PROPOSAL FOR STANDARDIZATION OF RADIOGRAPHIC STUDIES ON THE HIP AND PELVIS

Giancarlo Cavalli Polesello 1, Tarsila Sato Nakao 2, Marcelo Cavalheiro de Queiroz 3,*, Daniel Daniachi 3, Walter Ricioli Junior 3, Rodrigo Pereira Guimarães 4, Emerson Kiyoshi Honda 5, Nelson keiske Ono 6
PMCID: PMC4799328  PMID: 27027066

Abstract

Diagnoses of hip and pelvis disorders are based on the detailed medical history, physical examination and laboratory tests, as appropriate for each condition. Plain radiography is still the initial examination of choice and, because of its importance, there is a need to standardize radiographic studies, both in relation to execution and in radiographic series, according to the different pathological conditions. The aim of this paper was to propose standardization for the main radiographic views of the hip and pelvis, and with regard to performing specific series for different pathological conditions, and to provide technical guidance for achieving these aims.

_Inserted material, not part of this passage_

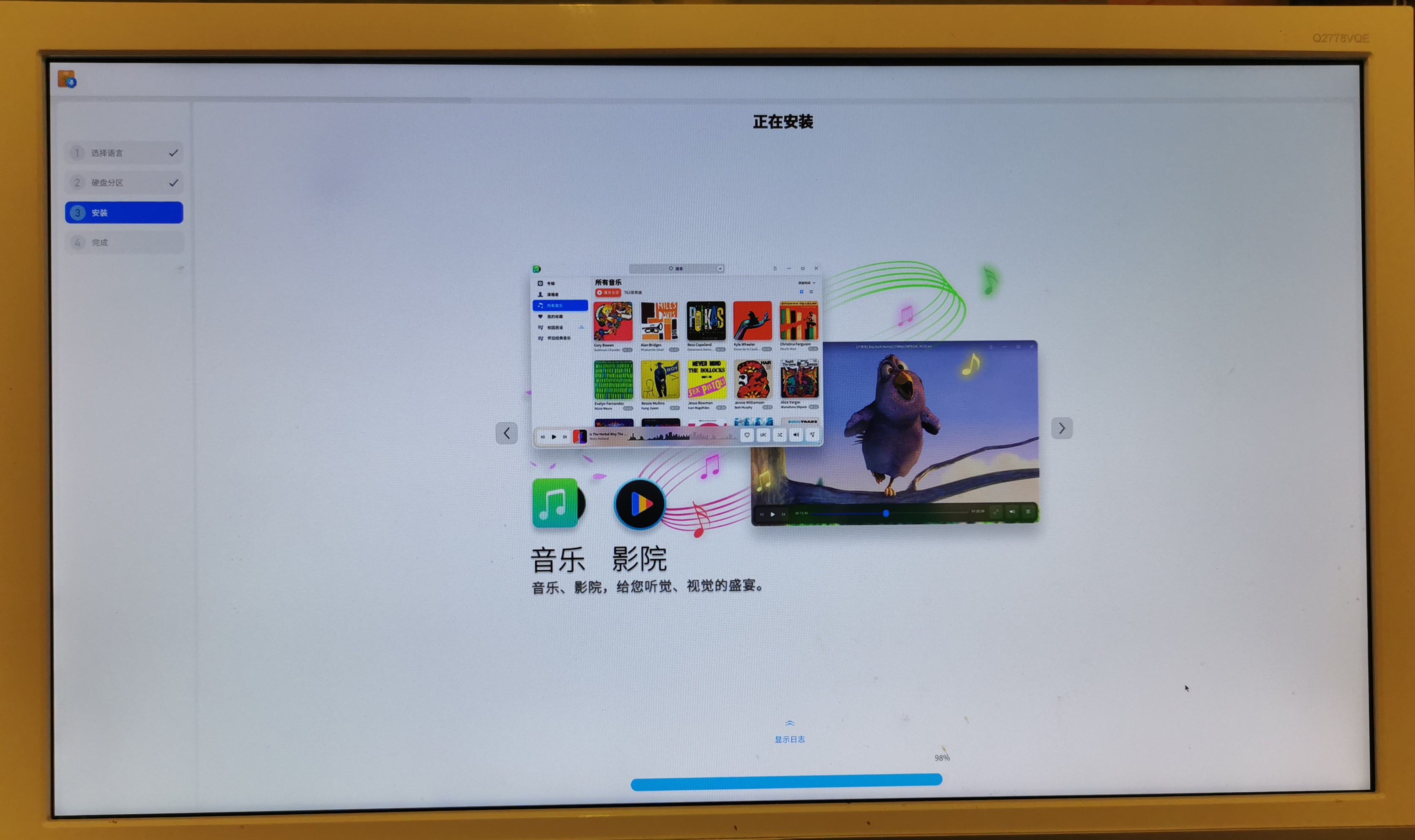国产操作系统统信UOS安装上手——多图文字详解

Keywords: Hip/pathogy, Hip/radiography, Pelvis/pathogy, Pelvis/radiography

INTRODUCTION

The diagnosis of hip and pelvic disorders is based on detailed clinical history, physical examination and laboratory tests, as appropriate for each condition.

Plain radiography is still the initial examination of choice, although computed tomography and nuclear magnetic resonance are useful for diagnostic confirmation1, 2.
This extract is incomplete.